We recommend that the golden image be in a separate policy from its clones. Use sensor groups to avoid the clones inheriting the golden image policy.

Important: Asset Groups is available to Carbon Black Cloud customers on 27 November 2023. Carbon Black recommends that you upgrade from Sensor Groups to Asset Groups as soon as it is operationally feasible for your organization. Sensor Groups will be phased out by 01 December 2024. See Asset Groups and Sensor Groups in the User Guide.

To get started, we recommend that you duplicate the Standard policy rules to the full clone policy. We then recommend the following specific policy settings for Horizon full clones.

General Tab

  • Name – For easy identification we recommend giving the policy a name that distinguishes the sensors as Full Clones.
  • Description – This policy is optimized for Horizon full clones. Special considerations improve performance and provide a strong base of reputation, behavioral, and targeted prevention.
  • Target Value – Medium

Sensor Tab

  • Display sensor message in system tray - Enable this setting and add a message similar to this sample text: "Virtual Desktops Policy - Contact someone@example.com with any questions and concerns. Provide context regarding the issue and any available replication steps."

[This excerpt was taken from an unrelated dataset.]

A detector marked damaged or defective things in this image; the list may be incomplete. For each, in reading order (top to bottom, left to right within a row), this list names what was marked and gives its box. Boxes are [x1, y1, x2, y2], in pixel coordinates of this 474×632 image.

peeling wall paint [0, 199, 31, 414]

Prevention Tab - Permissions

  • Bypass rules (exclusions) – Policy-level bypass rules help achieve stability in a VDI environment.

    Each organization must understand the trade-offs between performance and security. VMware recommends the use of exclusions. Work with stakeholders to review risks and benefits (performance versus visibility) and apply the bypass rules as needed.

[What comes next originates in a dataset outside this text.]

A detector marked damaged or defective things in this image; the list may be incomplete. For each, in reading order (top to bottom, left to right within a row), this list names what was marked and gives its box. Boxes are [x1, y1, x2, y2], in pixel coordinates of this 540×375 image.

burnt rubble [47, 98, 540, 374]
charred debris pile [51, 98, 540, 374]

    Carbon Black Cloud provides exclusions for supported methods as examples. Please review the applications that are installed in the VDI environment and apply any required bypass rules.

    The following examples are based on public documentation for VMware solutions. Additional bypass rules might be needed.

VMware bypass rules best practices

**\Program Files\VMware\**,
**\Program Files*\cloudvolumes\agent\svhook64.dll,
**\SnapVolumesTemp**,
**\SVROOT**,
**\SoftwareDistribution\DataStore**,
**\System32\Spool\Printers**,
**\ProgramData\VMware\VDM\Logs**,
**\AppData\VMware\**

Prevention

Blocking and Isolation

Best practices recommend applying Blocking and Isolation rules to address specific attack surfaces.

Local Scan tab

  • On Access File Scan Mode – Enabled
  • Allow Signature Updates – Enabled

Full clones are rarely recreated from the golden image, so they effectively never receive signature updates. Enable Allow Signature Updates for full clones.

Sensor tab

  • Run Background Scan – Disabled. To optimize performance, it is recommended to complete a background scan on the golden image and then subsequently have the background scan disabled on the policy assigned to the clones.
  • Scan files on network drives – Disabled
  • Scan execute on network drives – Enabled
  • Delay execute for Cloud scan – Enabled. This critical setting serves as the sole point of reference for pre-execution reputation lookups. If it is disabled, endpoints must rely on Application at Path and Deny List rules for pre-execution prevention.
  • Hash MD5 – Disabled. The sensor always calculates the SHA-256.
  • Auto-deregister VDI sensors that have been inactive for – Disable this setting to prevent unintentional uninstall of the sensor.

Behavior of a Quarantined Instant Clone VM

Carbon Black Cloud Quarantine prevents suspicious activity and malware from affecting the rest of your network by isolating the affected asset from the network. As a result of this network isolation, the Horizon agent communication from an instant clone VM to the Horizon connection server is cut off. To consider the full implications of this scenario, please see the following KB: Best Practices when Using Endpoint Detection and Response (EDR) Tools with Horizon (95512).